> Your task
Reproduce only this stretch of the listing below: from the line with "Set of grey vector banner ribbons. Eps 10." through the line with "Game Stick 4K", exactly as written, with pictures excluded.

> Data section

════════

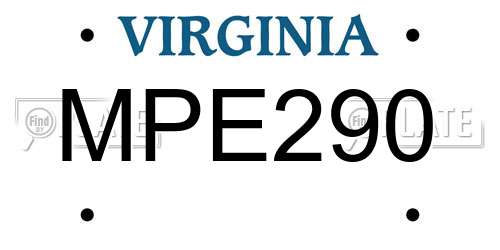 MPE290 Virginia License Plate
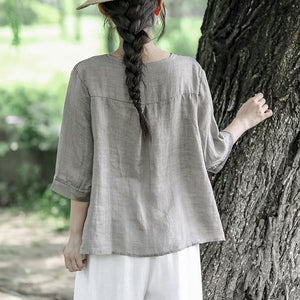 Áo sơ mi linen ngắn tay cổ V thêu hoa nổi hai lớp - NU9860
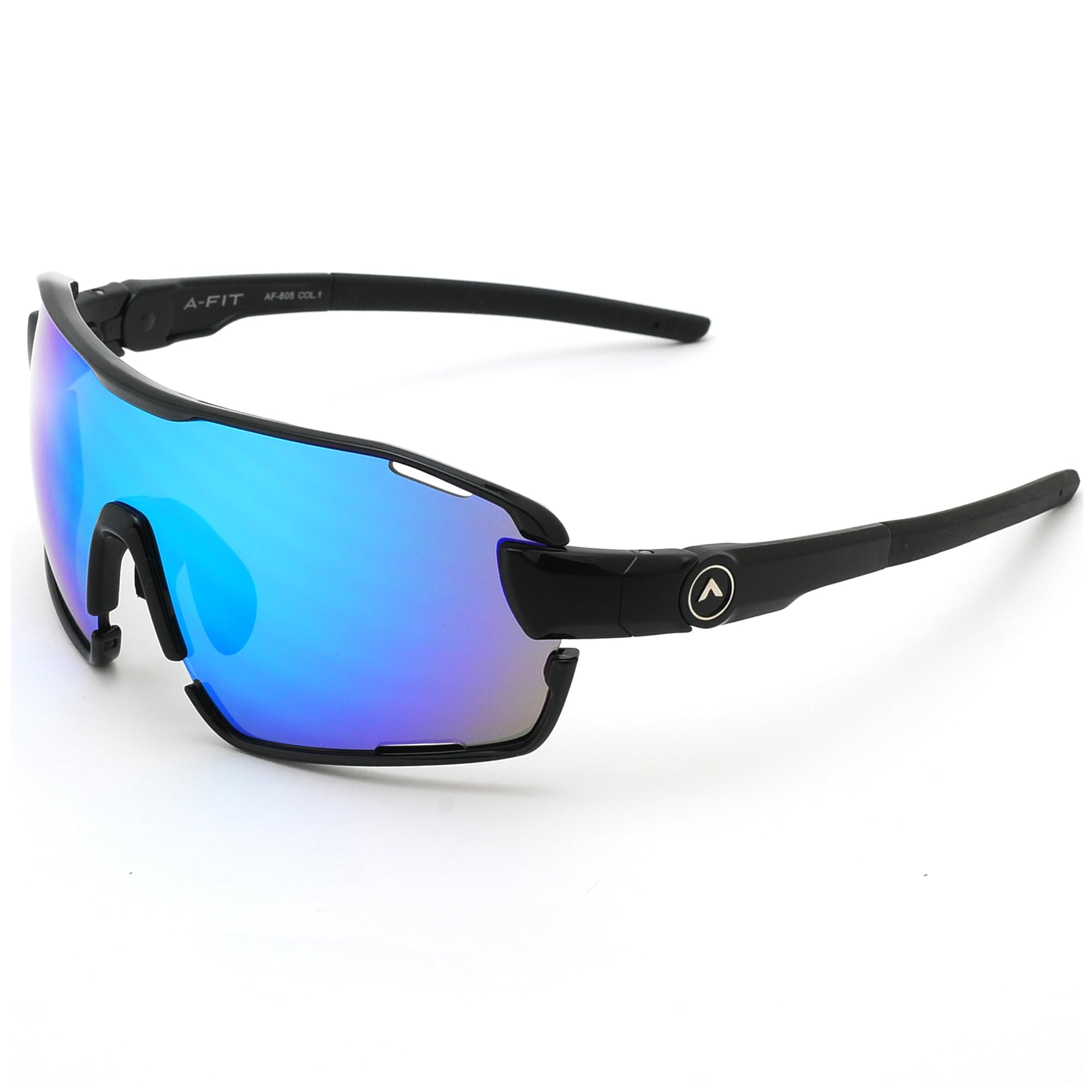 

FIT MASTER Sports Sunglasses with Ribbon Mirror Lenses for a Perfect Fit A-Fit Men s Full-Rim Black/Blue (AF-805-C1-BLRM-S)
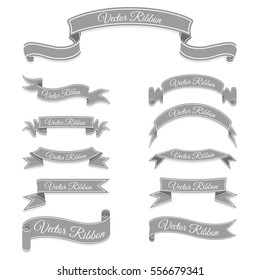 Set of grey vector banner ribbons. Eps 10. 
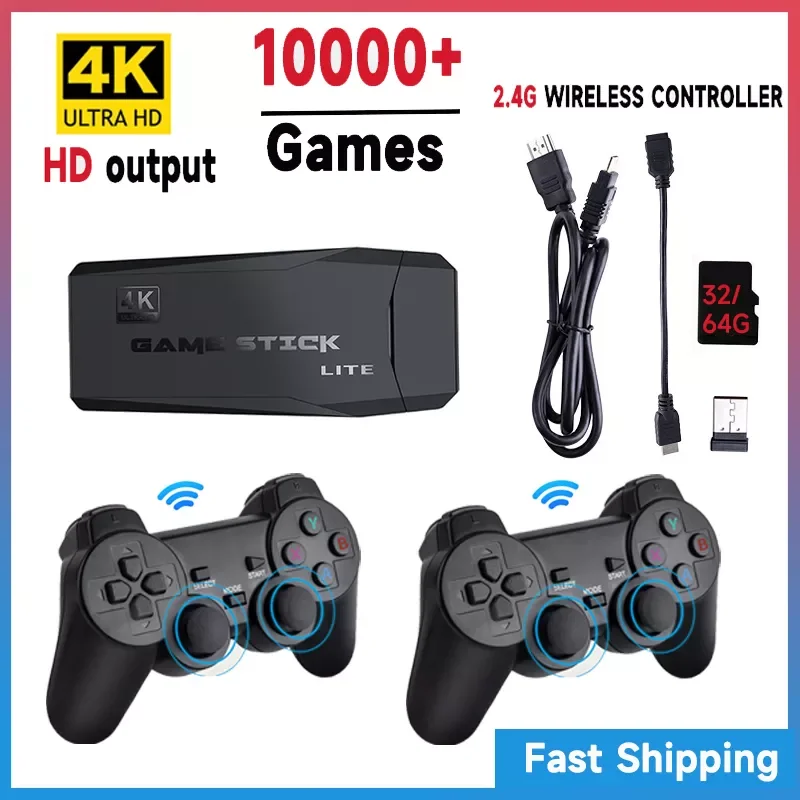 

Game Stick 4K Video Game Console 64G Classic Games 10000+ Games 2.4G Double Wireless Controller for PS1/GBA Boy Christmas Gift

════════

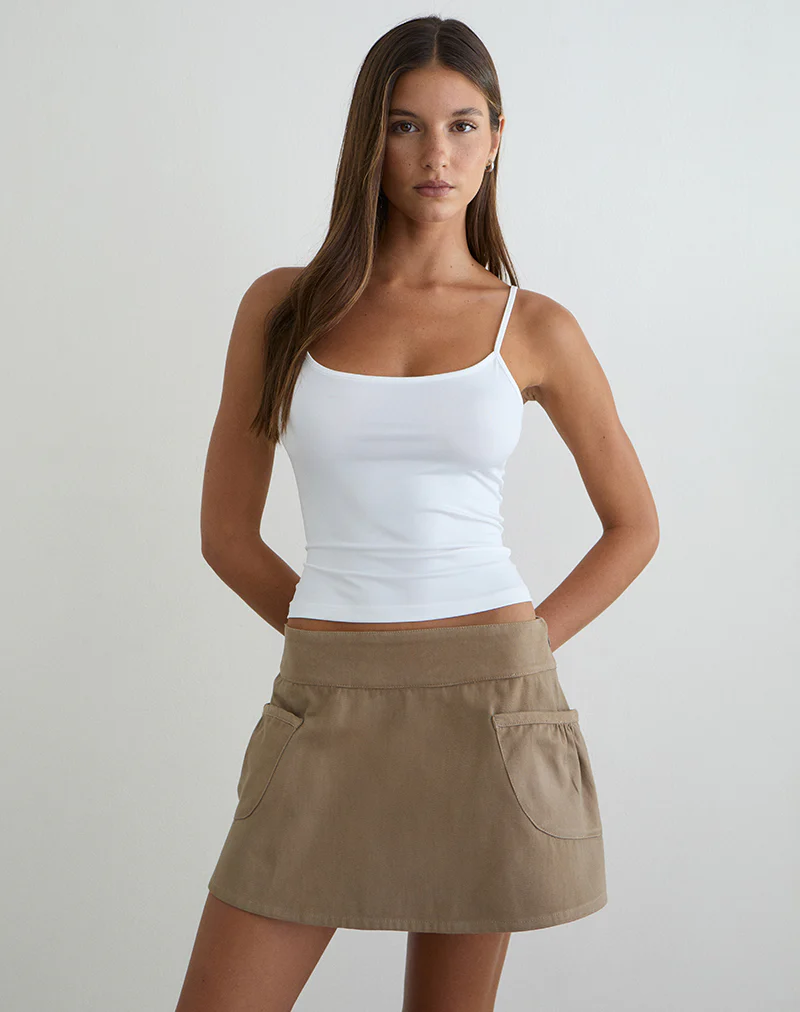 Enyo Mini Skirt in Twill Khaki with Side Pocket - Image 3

════════

> Task result
 Set of grey vector banner ribbons. Eps 10. 

Game Stick 4K Video Game Console 64G Classic Games 10000+ Games 2.4G Double Wireless Controller for PS1/GBA Boy Christmas Gift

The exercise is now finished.